*Extracted material*.
########################################

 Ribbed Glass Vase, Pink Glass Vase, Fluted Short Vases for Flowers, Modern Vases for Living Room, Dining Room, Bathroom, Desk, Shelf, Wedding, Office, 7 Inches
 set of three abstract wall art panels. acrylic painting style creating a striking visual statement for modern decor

########################################

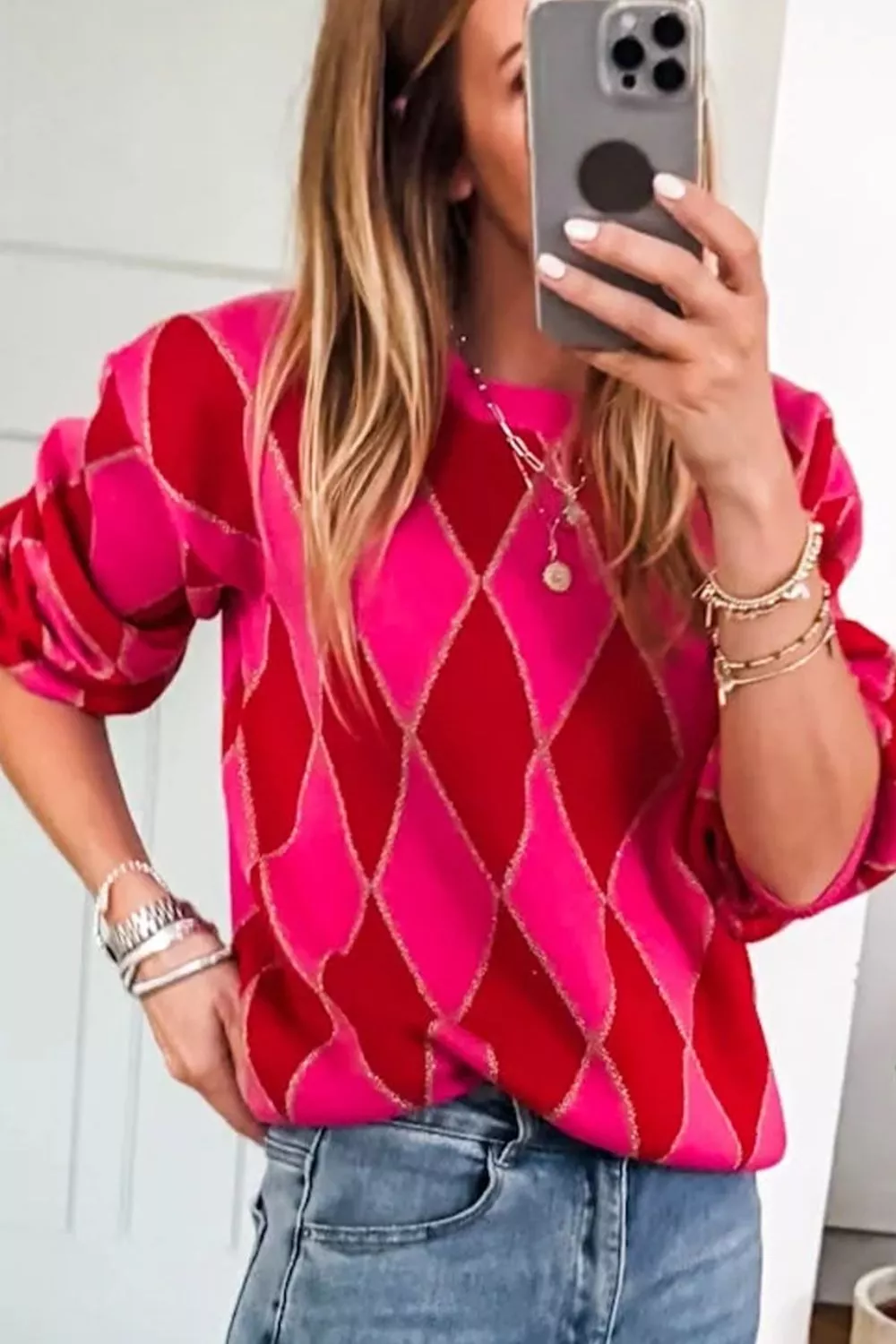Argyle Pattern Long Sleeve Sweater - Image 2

########################################

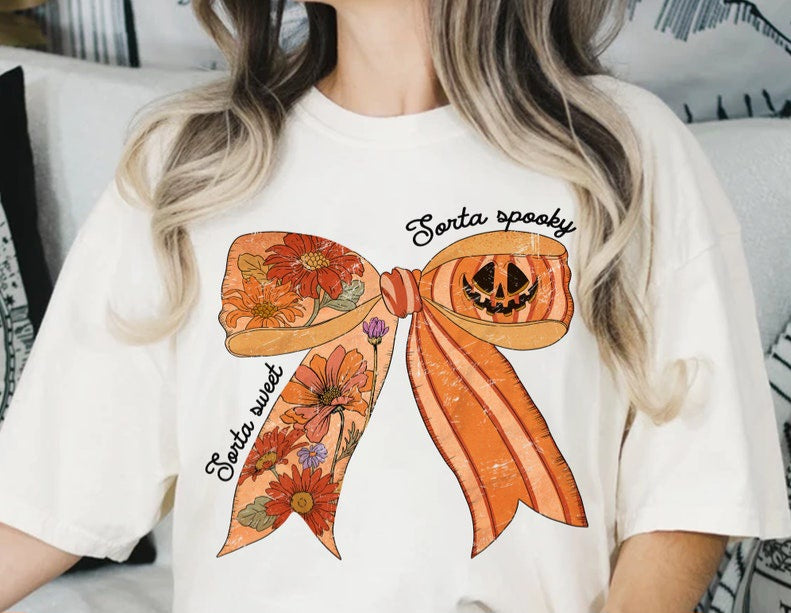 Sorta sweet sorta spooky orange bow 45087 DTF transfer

########################################

*Task goal*.
Set down precisely the lines above between the line holding "Ribbed Glass Vase, Pink" and the line holding "set of three", inclusive, and nothing beyond them.

*Expected output*.
 Ribbed Glass Vase, Pink Glass Vase, Fluted Short Vases for Flowers, Modern Vases for Living Room, Dining Room, Bathroom, Desk, Shelf, Wedding, Office, 7 Inches
 set of three abstract wall art panels. acrylic painting style creating a striking visual statement for modern decor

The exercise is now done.